• **EXCERPTED RECORDS**:
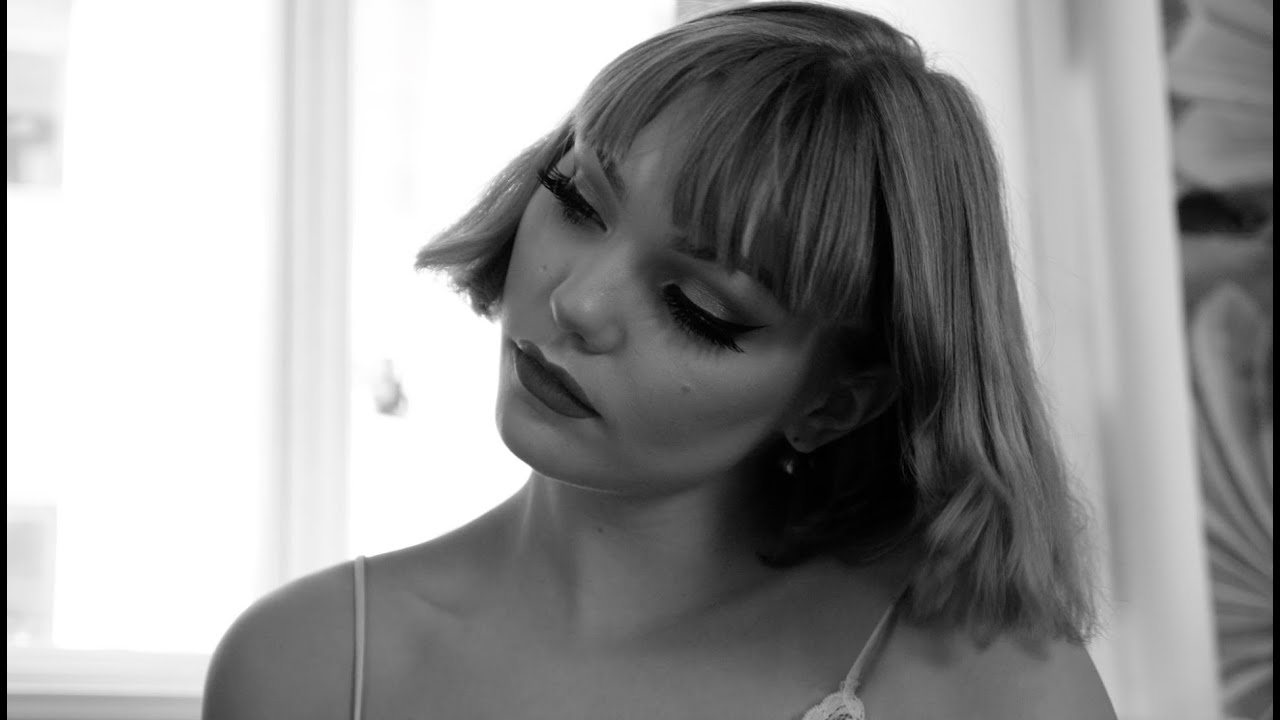 Waldeck - Lady Bedford feat. Patrizia Ferrara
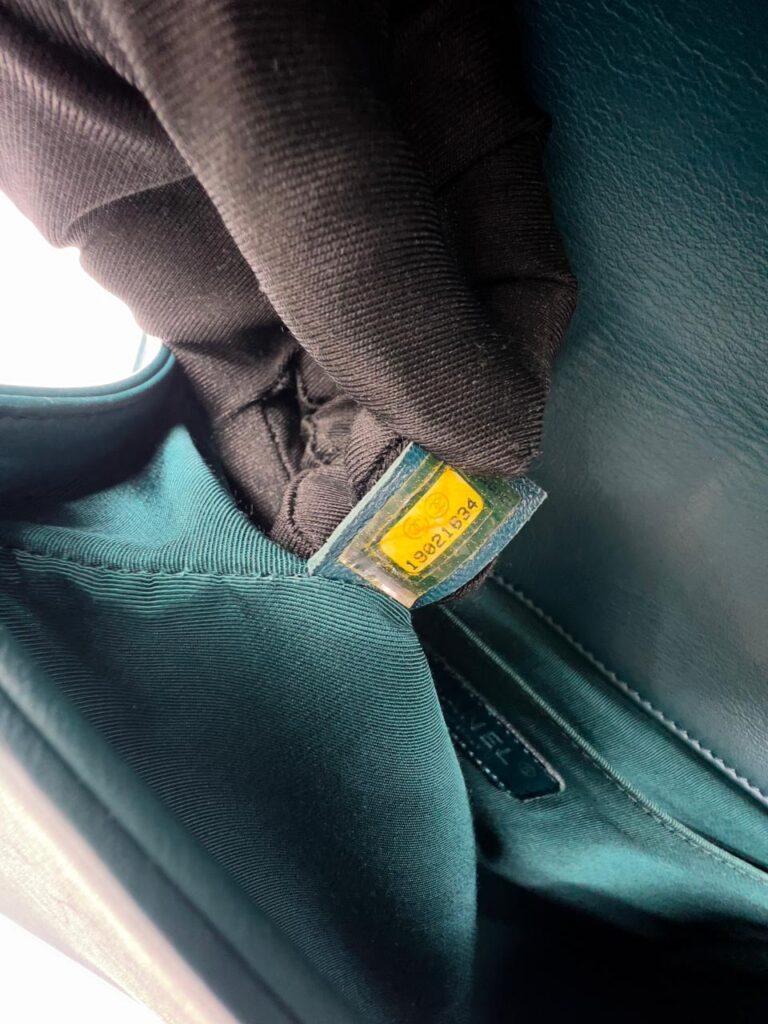 Boy 25 Dark Green RHW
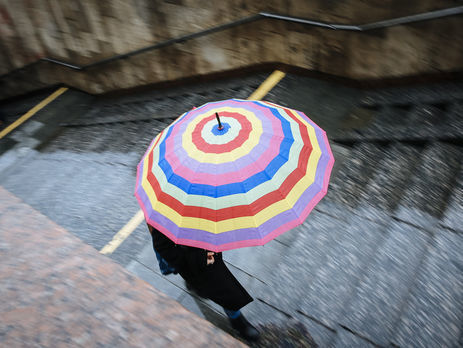 Сьогодні в Україні очікують на дощі – синоптик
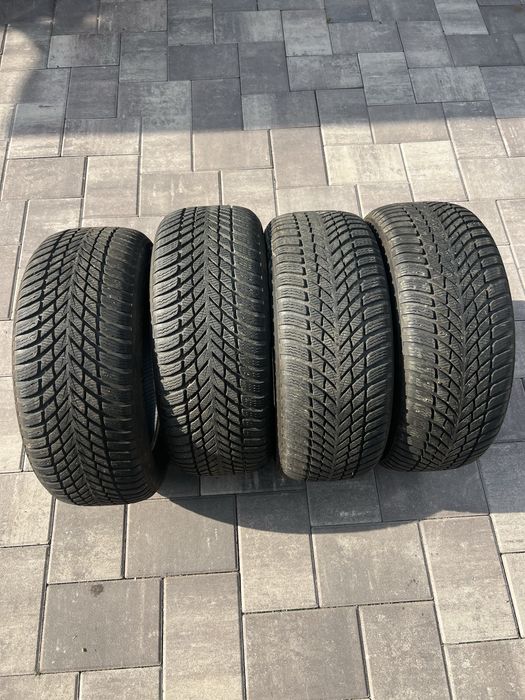 Anvelope de Iarna Nokian Snowproof 2 225 50 17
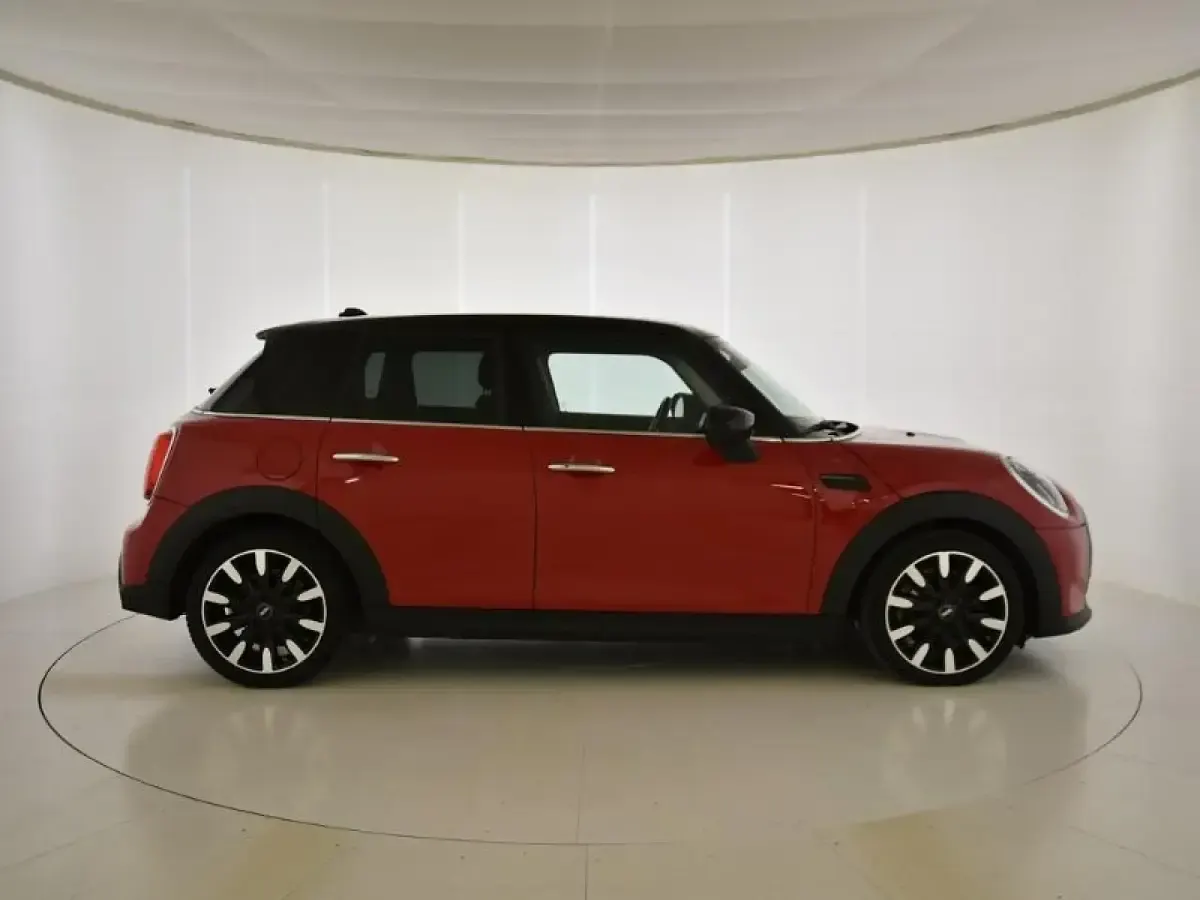 Usado Mini Cooper 136 CV (100 kW) 2020 Rojo Utilitario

• **WORK ITEM**: Your output should be the lines from the line containing "Boy 25 Dark Green RHW" through the last line of the listing above, restated exactly, with no pictures among them.

• **YOUR SOLUTION**:
 Boy 25 Dark Green RHW
 Сьогодні в Україні очікують на дощі – синоптик
 Anvelope de Iarna Nokian Snowproof 2 225 50 17
 Usado Mini Cooper 136 CV (100 kW) 2020 Rojo Utilitario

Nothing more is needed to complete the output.